■ **TASK DESCRIPTION**
Transcribe every line below exactly; no image goes into the output.

━━ DATA EXTRACT ━━

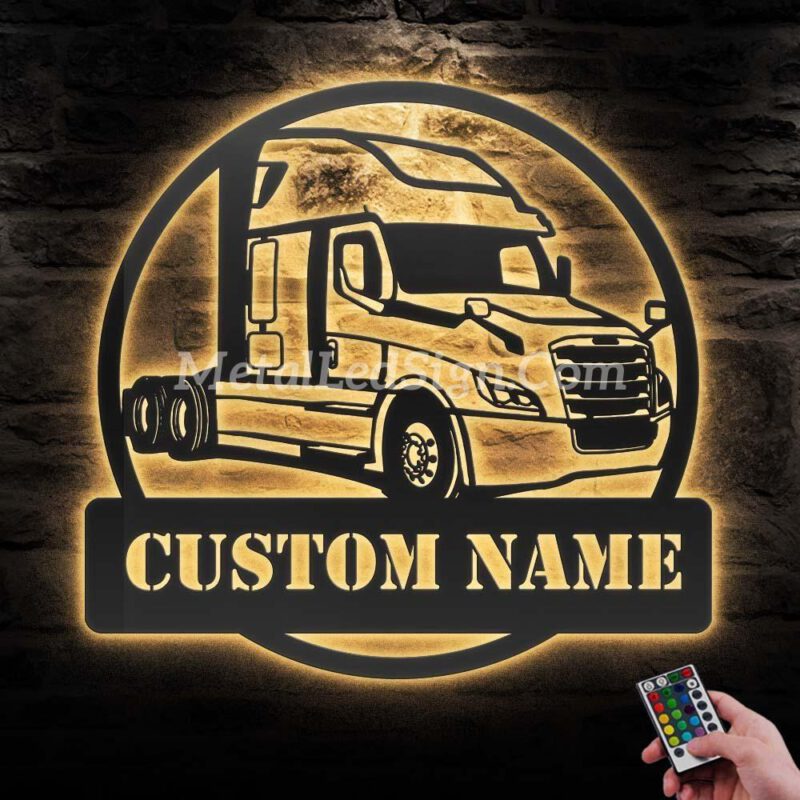 Custom-Us-Cascadia-Truck-Driver-Metal-Wall-Art-Led-Light-Images-3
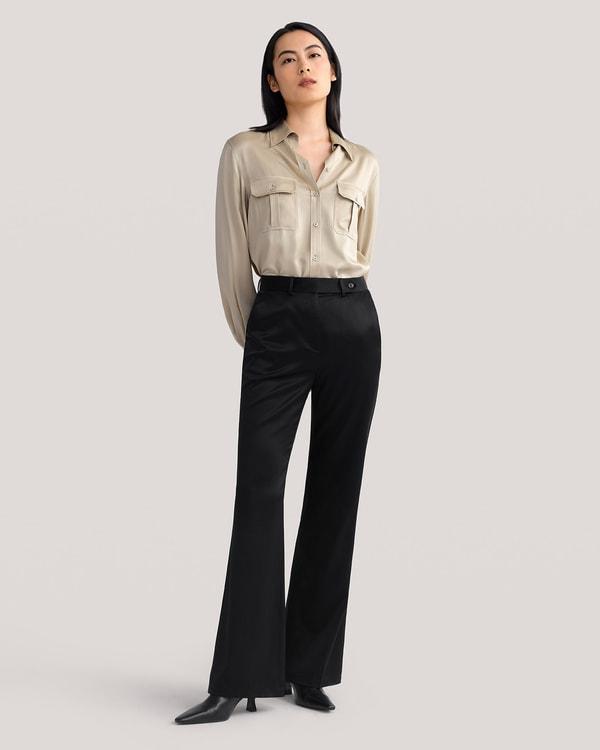 Sandwashed Silk Shirt With Epaulettes Product Image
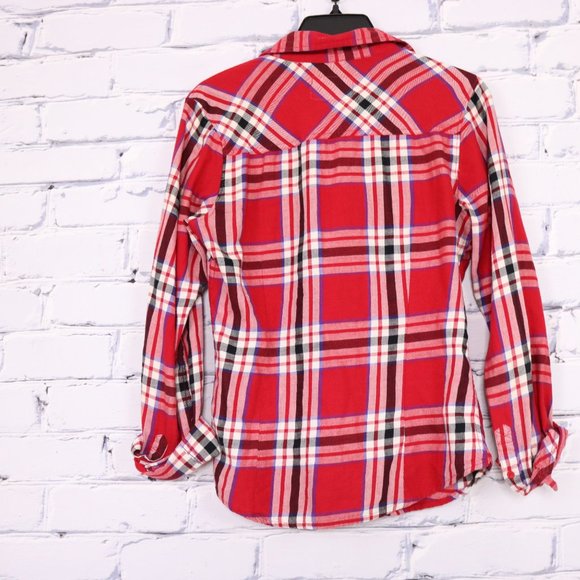 2/$20 Aeropostale 100% cotton red plaid shirt b5 - Picture 6 of 6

━━━

■ **RESPONSE AREA**
 Custom-Us-Cascadia-Truck-Driver-Metal-Wall-Art-Led-Light-Images-3
 Sandwashed Silk Shirt With Epaulettes Product Image
 2/$20 Aeropostale 100% cotton red plaid shirt b5 - Picture 6 of 6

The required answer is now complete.